Start of TASK INPUT

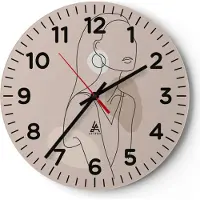 ARTTOR Wanduhr - Rund - Glasuhr - Stück Linie Frau - 40x40cm - Schleichendes Uhrwerk - Lautlos - zum Aufhängen bereit - Dekoration Modern - Wanddekoration aus Glas - C4AR40x40-4766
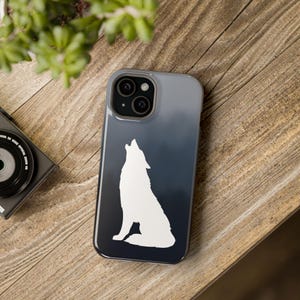 Phone Case, Nature Inspired Wolf Howling Mountain Background, Impact-Resistant, Perfect for Nature Lovers, Protective Cover, Wolf Lover
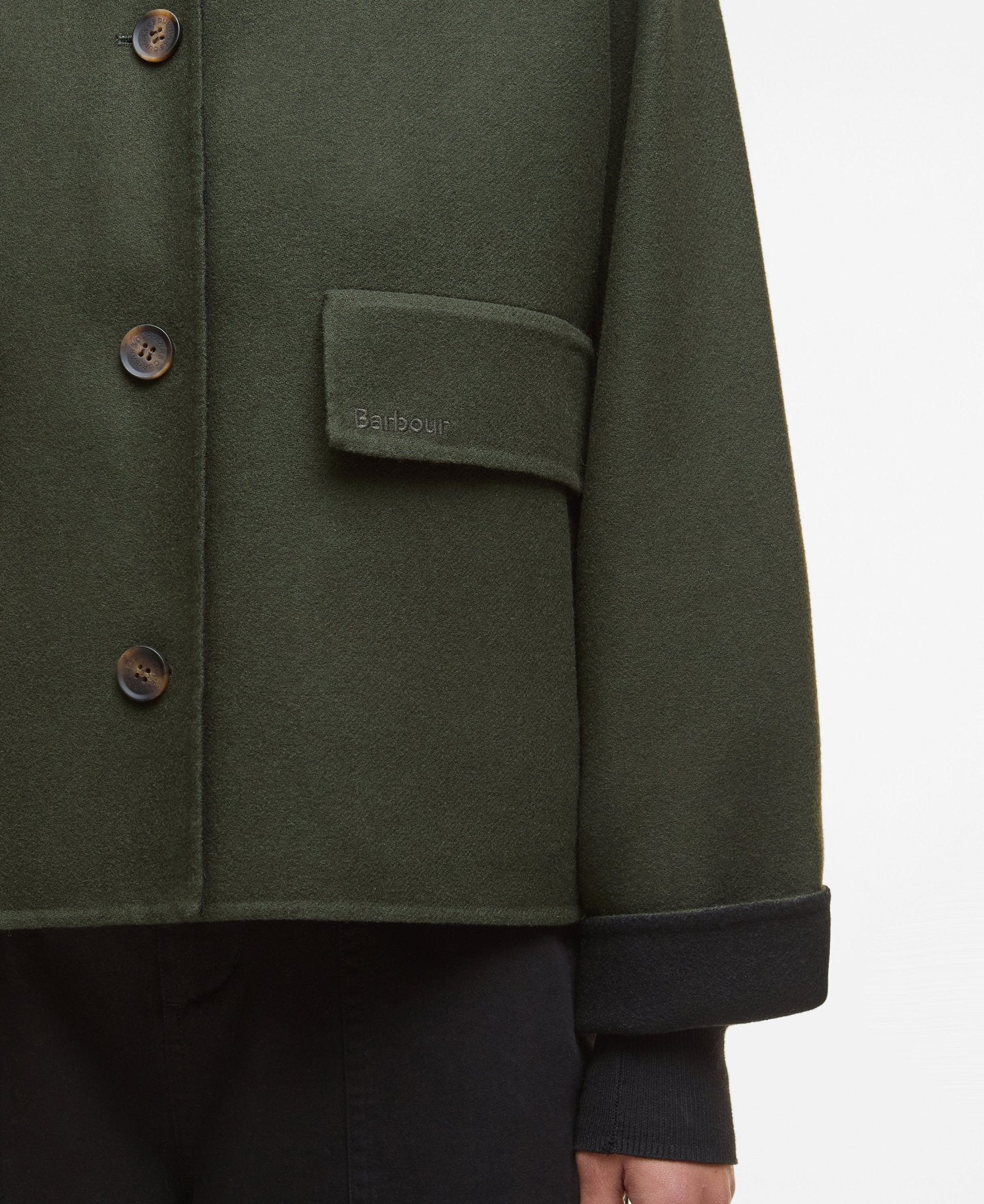 Barbour Leonie Overshirt Olive – Blue Water Clothing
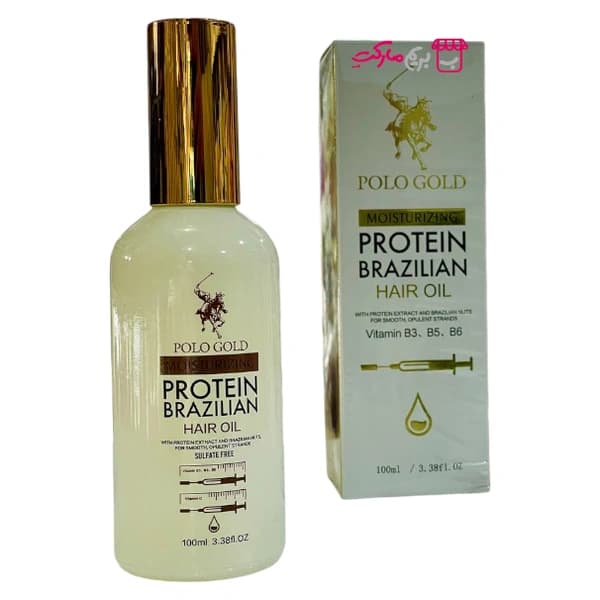 روغن مو پروتئین برزیلی پولو گلد مدل Moisturizing بدون سولفات حجم ۱۰۰ میلی لیتر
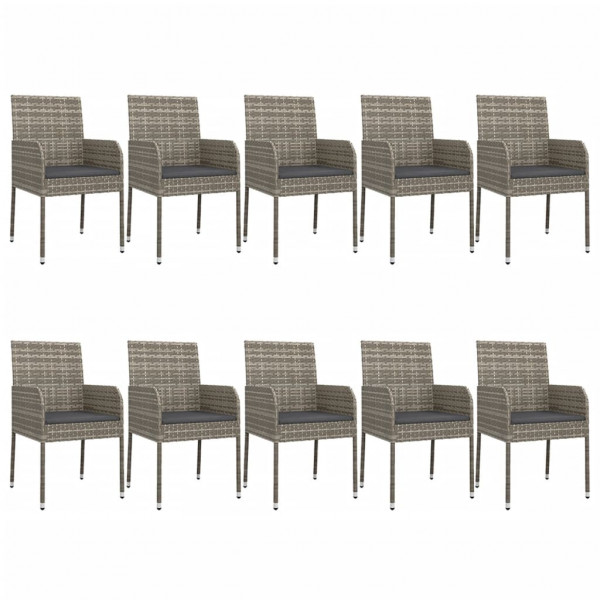 Set comedor jardín 11 pzas y cojines ratán sintético negro gris M 4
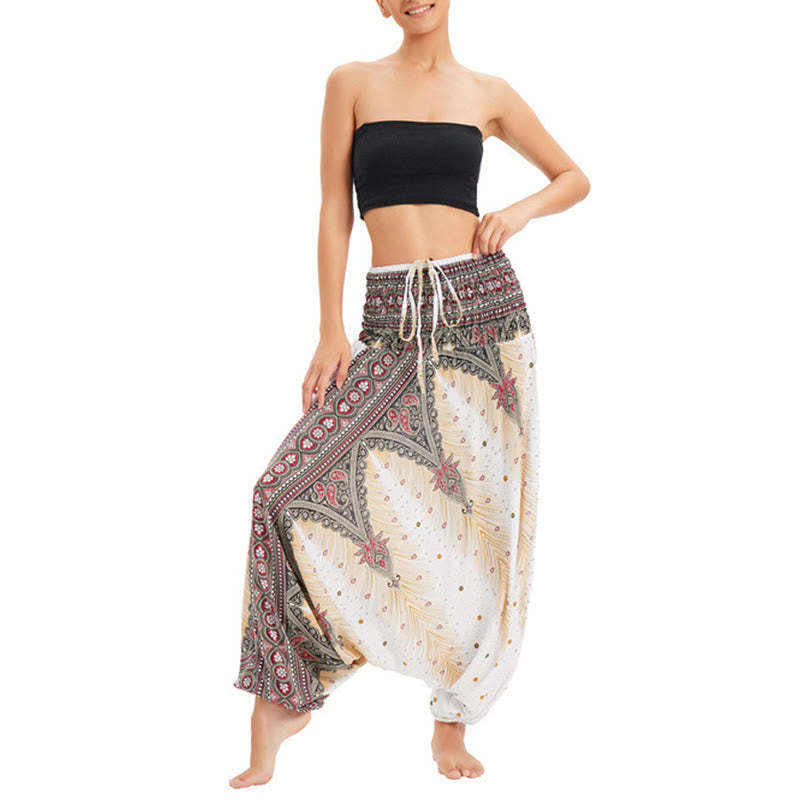 Two Style Wear Peacock Feather Loose Smocked Harem Trousers Jumpsuit High Waist Pants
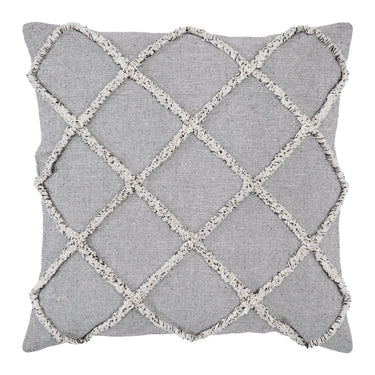 Frayed Lattice Creme & Black Pillow Cover 20x20 VHC Brands - The Fox Decor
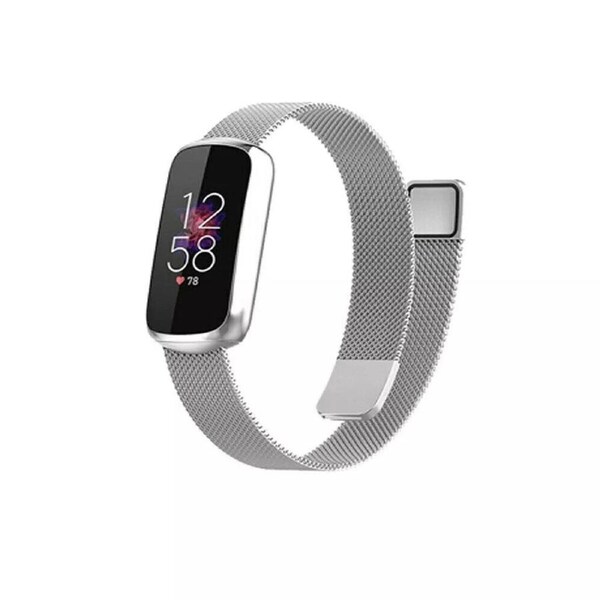 Silver Fitbit Luxe Band Replacement Magnetic Wristband Watch Soft Stainless Steel Strap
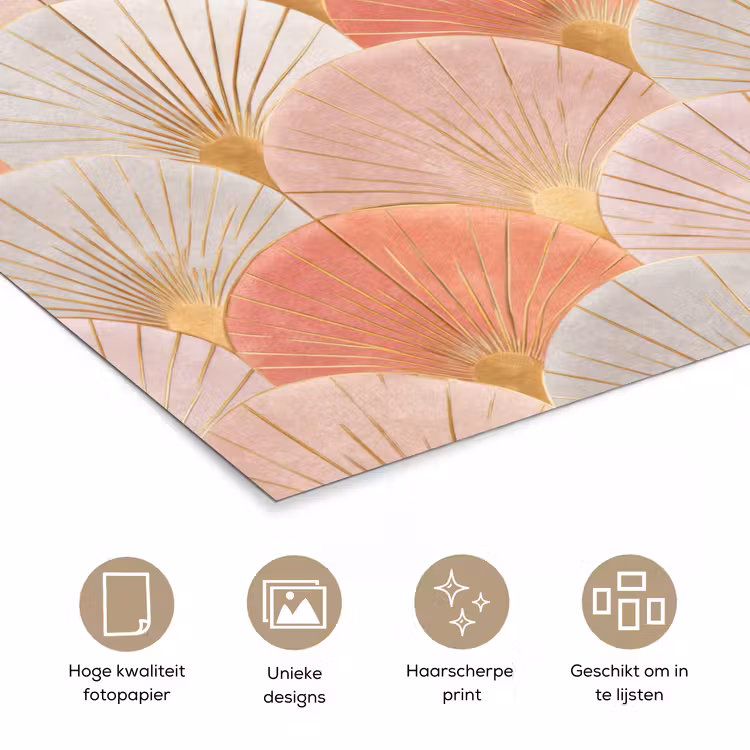 Waaiers - Goud - Roze poster papier klein 62 -closeup_NL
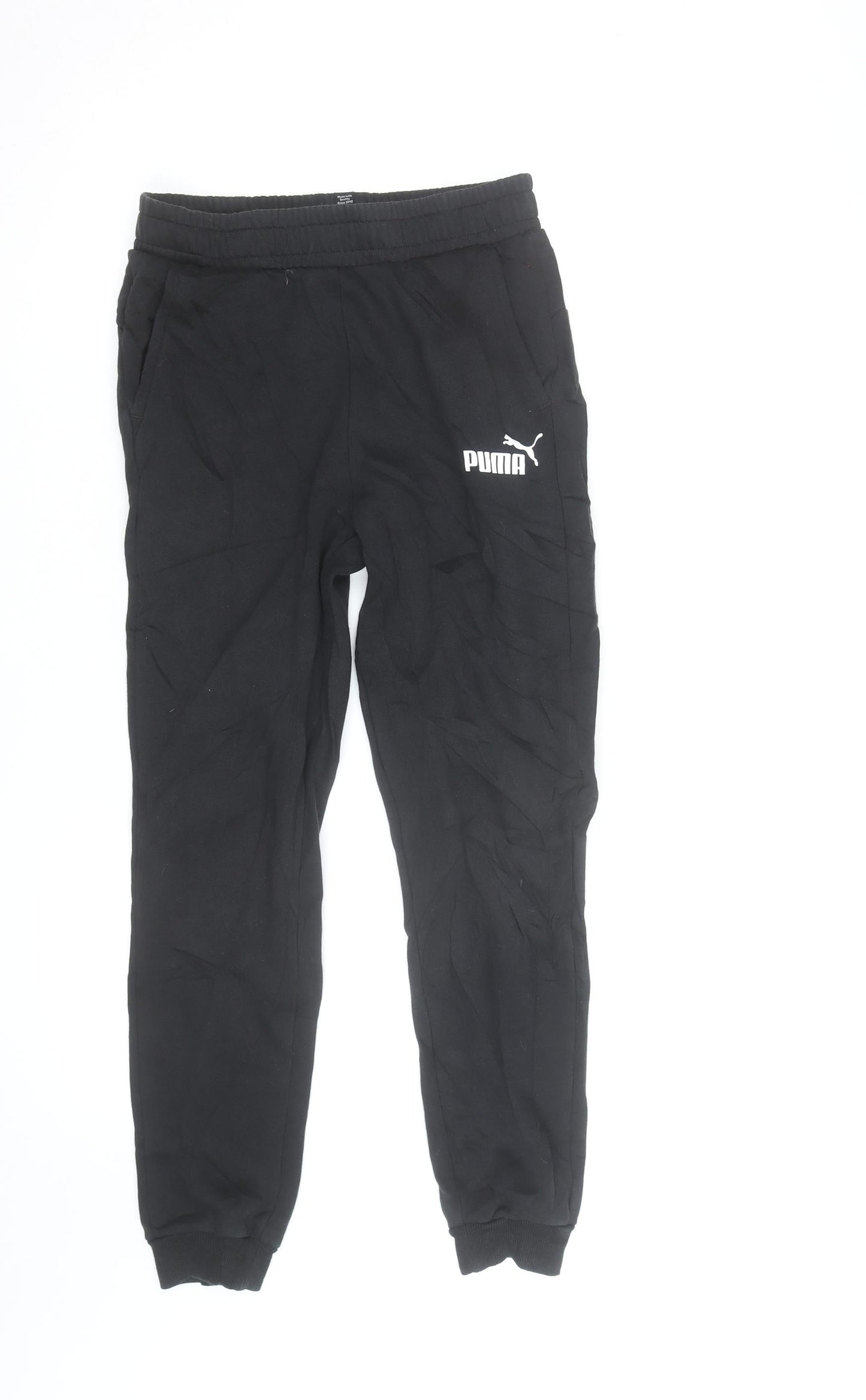 Puma Boys Black Jogger Sweatpants 10 Years Regular Fit Fleece Activewear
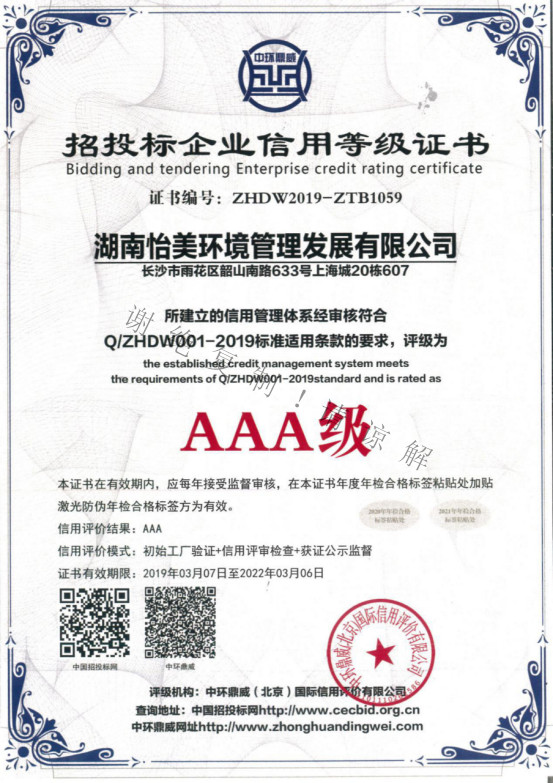 AAA級信用企業證書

End of TASK INPUT

> [THE PROBLEM] Write out the records once more, word for word, though without the pictures they contain.

> [ANSWER SPACE]
 ARTTOR Wanduhr - Rund - Glasuhr - Stück Linie Frau - 40x40cm - Schleichendes Uhrwerk - Lautlos - zum Aufhängen bereit - Dekoration Modern - Wanddekoration aus Glas - C4AR40x40-4766
 Phone Case, Nature Inspired Wolf Howling Mountain Background, Impact-Resistant, Perfect for Nature Lovers, Protective Cover, Wolf Lover
 Barbour Leonie Overshirt Olive – Blue Water Clothing
 روغن مو پروتئین برزیلی پولو گلد مدل Moisturizing بدون سولفات حجم ۱۰۰ میلی لیتر
 Set comedor jardín 11 pzas y cojines ratán sintético negro gris M 4
 Two Style Wear Peacock Feather Loose Smocked Harem Trousers Jumpsuit High Waist Pants
 Frayed Lattice Creme & Black Pillow Cover 20x20 VHC Brands - The Fox Decor
 Silver Fitbit Luxe Band Replacement Magnetic Wristband Watch Soft Stainless Steel Strap
 Waaiers - Goud - Roze poster papier klein 62 -closeup_NL
 Puma Boys Black Jogger Sweatpants 10 Years Regular Fit Fleece Activewear
 AAA級信用企業證書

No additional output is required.